I forgot that Obama selected all the Justices on the Supreme Court... Oh wait he didn't and many presidents don't even get to select a justice. Congress gave the president the ok to go into Iraq and Congress is selected based on local elections. Now you are reaching with "Eisenhower's federal highway system" he signed the bill that was drafted in Congress and passed by Congress, so he gets credit simply because he didn't veto a law and signed it. Both parties overwhelming approved that law and almost any president would have signed it. You can pull very individual cases but more often than not a President has very little effect on the every day lives of the people.
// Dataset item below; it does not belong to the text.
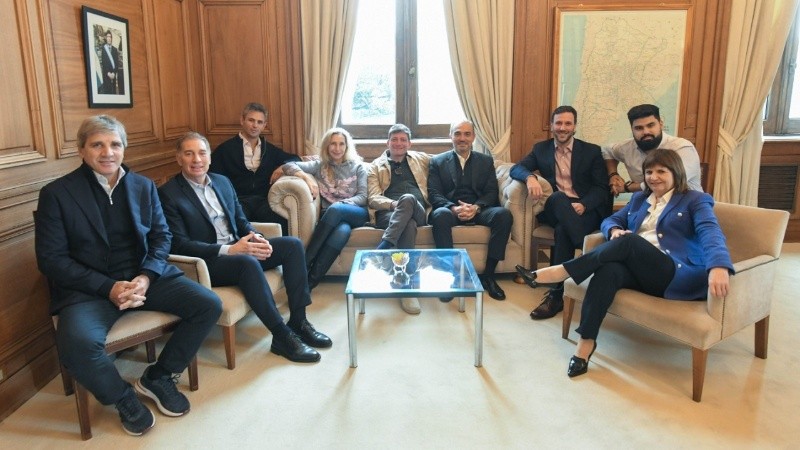 El Gobierno reunió a la mesa política para ordenar su estrategia legislativa.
The 306 electors pledged to Trump are people chosen by either the Trump campaign itself, or by the state GOP in that state. They were chosen in large part on the characteristic of loyalty. So even where it wouldn't actually be a minor crime to break with their state election results, it would in all instances mean the end of their political careers. For what? So they can try to make someone whom none of them voted for, President?
Well let's take a look at it. Using the results from wikipedia:
https://en.wikipedia.org/wiki/United...election,_2016
These might be slightly out of date what with all the late ballots and the new recounts but it's pretty close. About 65 million Americans voted Hillary and 63 million voted Trump. However due to the winner-take-all nature of the Electoral College, whoever wins the majority of votes in each state takes all the EC votes (except Maine and Nebraska). Therefore, if you voted for the losing side in your state your vote didn't count (except those two). It could've been 99-1% or 51%-49%, doesn't matter, winner gets all those votes anyway. If you look at the winning side in each state (again, except Maine and Nebraska) that's actually 32 million Hillary voters versus 41 million Trump voters (the 6 million people voting for third party candidates don't count either but they're probably used to that :P).
So in total, 73 million voters' votes actually counted. In perspective:
US population: 319m
Eligible to vote: 229m (~71% of population)
Turned out to vote: 136m (~43% of population)
Vote actually counted: 73m (~23% of population)
Of course the Presidency in total is Winner Take All, so you could argue that actually only the 41m Trump voters (in states won by Republicans) "counted". That's about 13% of the US population.
That's incorrect, US voters vote for a Presidential candidate exactly the same as if they were directly electing the President. The Electoral College only kicks in in the way the votes are counted.
So if your state has 1 million Trump and 2 million Hillary votes, Hillary gets all the EC votes for that state, but you still know exactly how many people voted "popularly". If you just take those numbers and tally them up for every state, boom there's your popular vote. That's how they calculate it every election.
Because the US has so many different cultures together in one country I think this system is more fair than a popular vote.